IYS also operates the Youth Center, an after school program and an outreach department, which provides clothing and food, a drop-in center and an alternative school for children.
According to a story in the Klamath Falls Herald and News, God has directed the Wegener's path.
Opening their home to foster children in 1976, the couple has taken in more than 2,500 children over the years under the auspices of the Wegener Shelter and Evaluation Center.
Sherry worked for many years as an unpaid volunteer with IYS, taking the position of executive director in 2004, where she directs the ongoing mission of IYS, with an emphasis on creating environments where youth can be successful.
The Jefferson Awards for Public Service is a program of the American Institute for Public Services, a non-profit founded by Jacqueline Kennedy Onassis, U.S. Senator Robert Taft Jr. and Sam Beard in 1972. They wanted to establish a Nobel Prize for public and community service to recognize those serving and to inspire others to serve.
Nominated by IYS staff, Sherry was one of 12 selected in the Oregon media market to receive the award.
Attending the local awards ceremony June 11, each of the 12 Oregon recipients received a golden medal and Wegener was chosen to represent the entire group at the national ceremony in the nation's capitol.
Sherry told a Herald and News reporter that she couldn't take credit for the success of Integral Youth Services, saying, "I have the most awesome staff.

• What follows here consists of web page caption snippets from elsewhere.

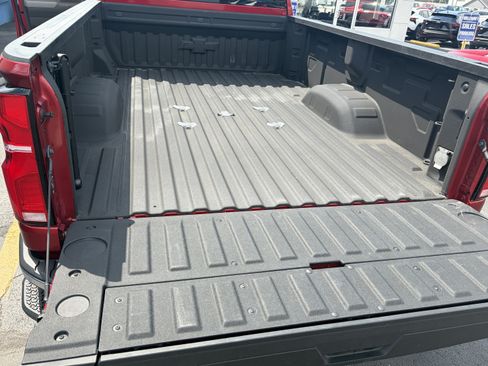Used 2025 Chevrolet Silverado 3500 LTZ w/ LTZ Premium Package AWD/4WD image 9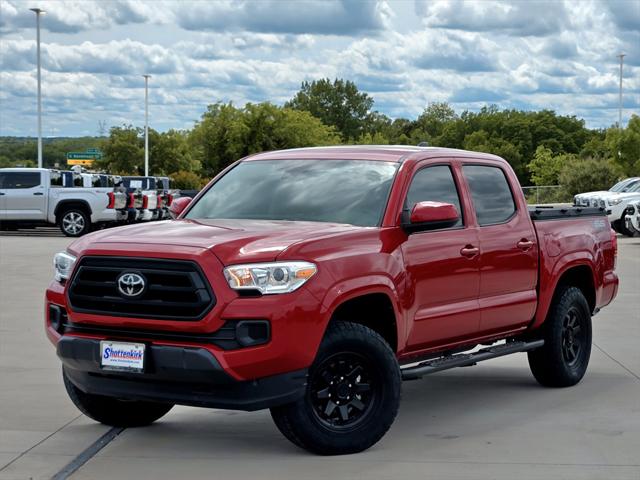 2023 Toyota Tacoma SR V6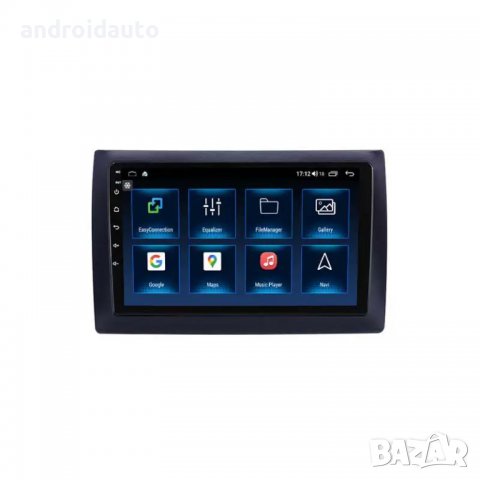 Fiat Stilo 2001-2007 Android Мултимедия/Навигация, снимка 4 - Аксесоари и консумативи - 40172683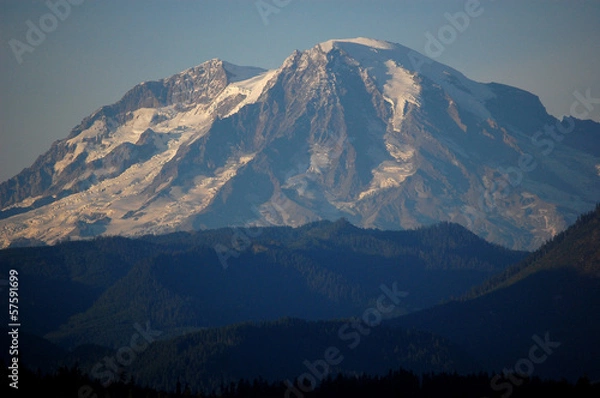 Obraz Mount Rainier, Washington state USA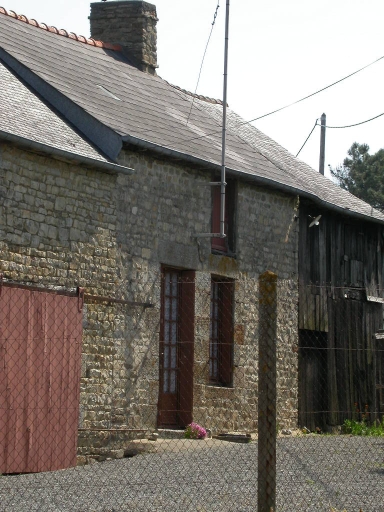 Maison, la Cultais (Vieux-Vy-sur-Couesnon)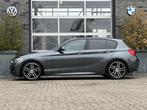 Bmw 1-SERIE 118I AUT. M SPORT ED. - LEDER - EL. SCH./KANT.DA, 65 €/maand, 136 pk, Gebruikt, Euro 6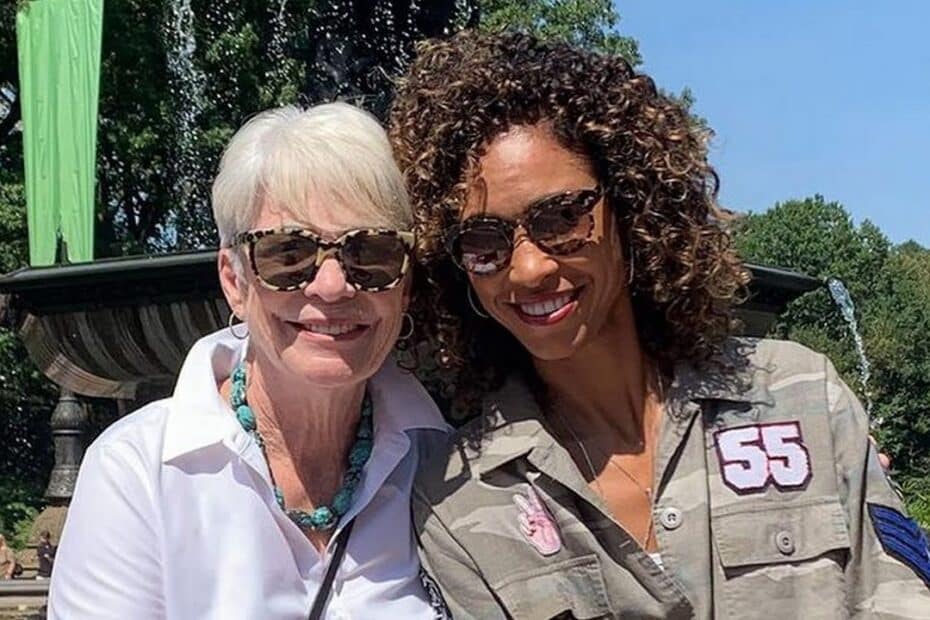 Sage steele husband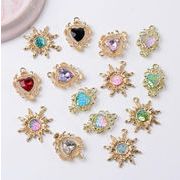 DIYパーツ 手作り素材  ハンドメイド ペンダント  デコパーツ アクセサリーパーツ　手芸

Most of them are definitely not here for the money. They believe in the mission of working for kids."
Wegener wants to help people realize their potential and to help them to figure out how to move on.

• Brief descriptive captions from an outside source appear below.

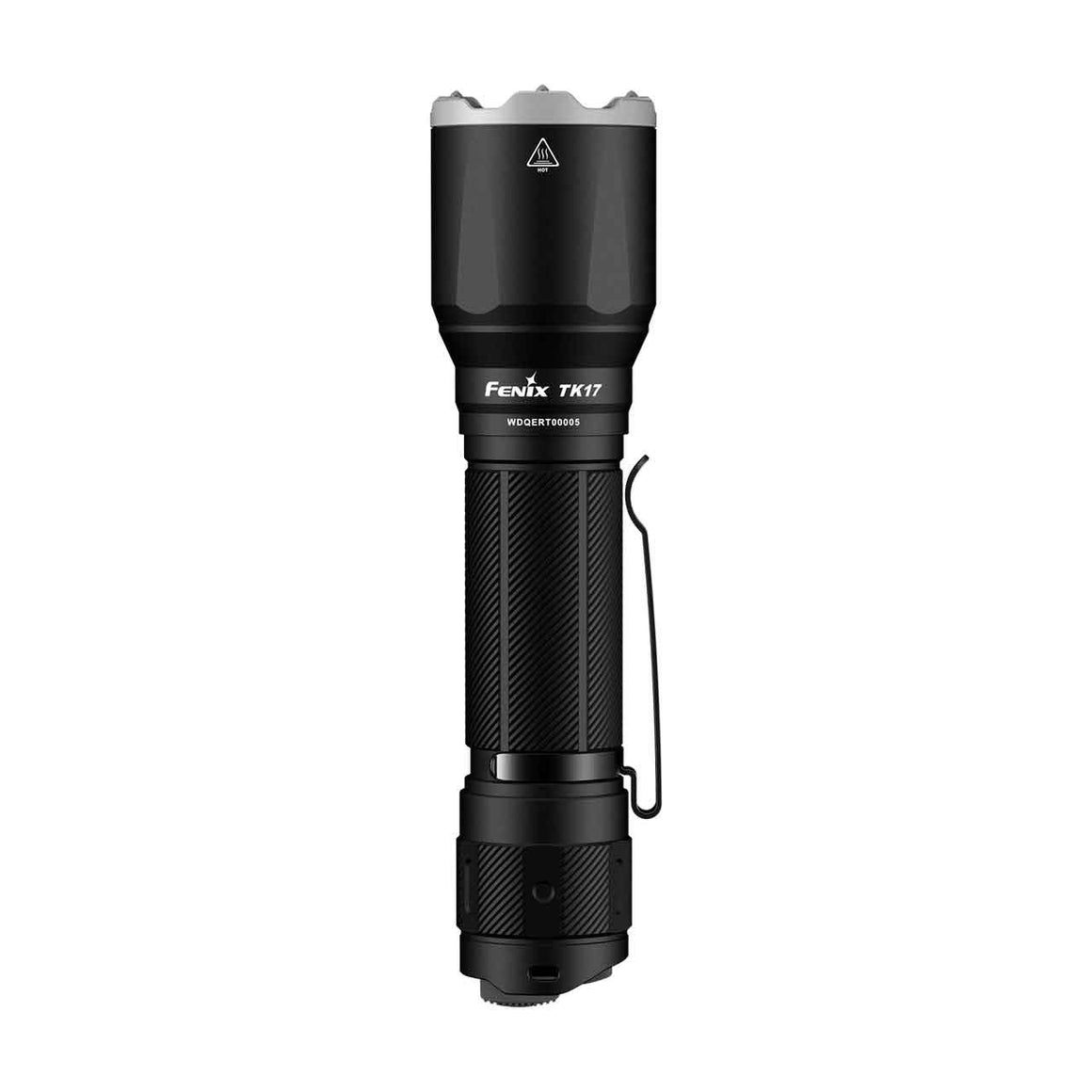 Fenix TK17 Compact 3600 Lumen Dual Switch Tactical Torch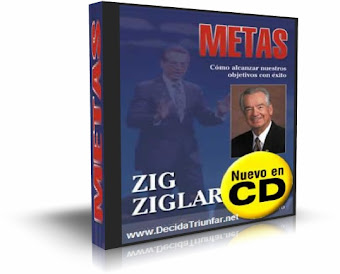 METAS, Zig Ziglar [ AUDIOLIBRO ] – Como alcanzar nuestros objetivos con éxito, aprender a fijar metas claras y desarrollar un plan de trabajo.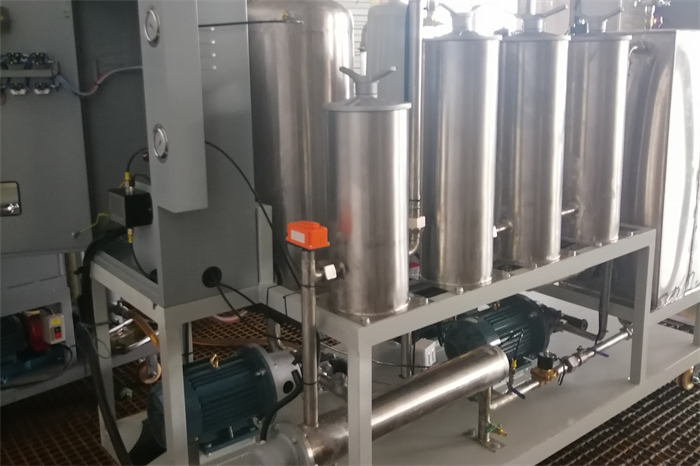 油液在線監(jiān)測系統(tǒng)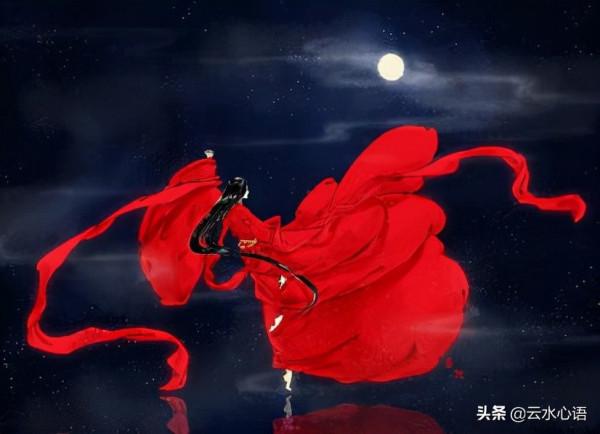 李商隱很罕見的一首七律,言淺而意深,人到中年才能讀懂 李商隱很罕見的一首七律,言淺而意深,人到中年才能讀懂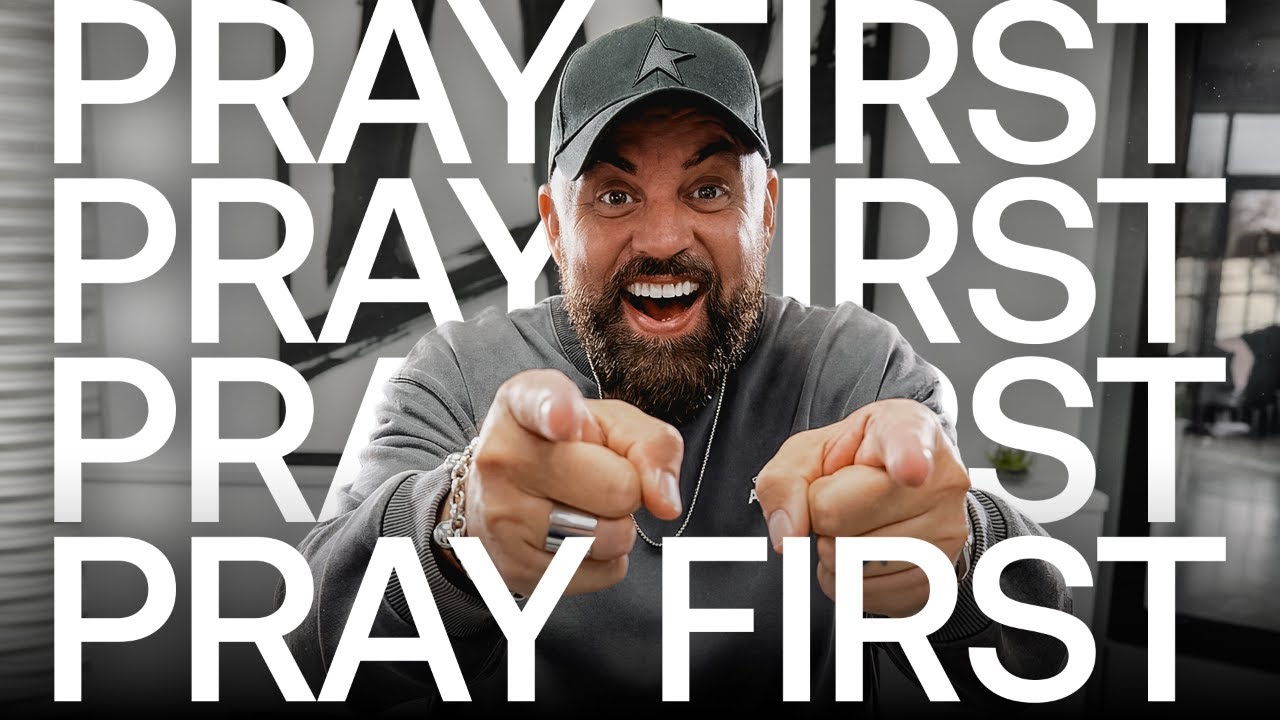 Pray First | Tuesday Prayer Stream | Ben Dailey & Awaken Church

"If there's one thing that motivates me it's that I can come alongside someone and say, 'You can do it.'"
While still in high school, Sherry took an aptitude test that indicated she should be a social worker. She immediately dismissed that idea out of hand because the term social worker, to her, described someone working in the slum of New York, and she didn't think much of that idea at all.
Looking back, she realizes that the aptitude test was right all along.
Wegener's faith continues to carry her through. Acknowledging that fund raising is always an issue for non-profits, she is confident that what should happen, will happen.
"What we get we are supposed to have, and what we don't we aren't supposed to have," she told the Herald and News.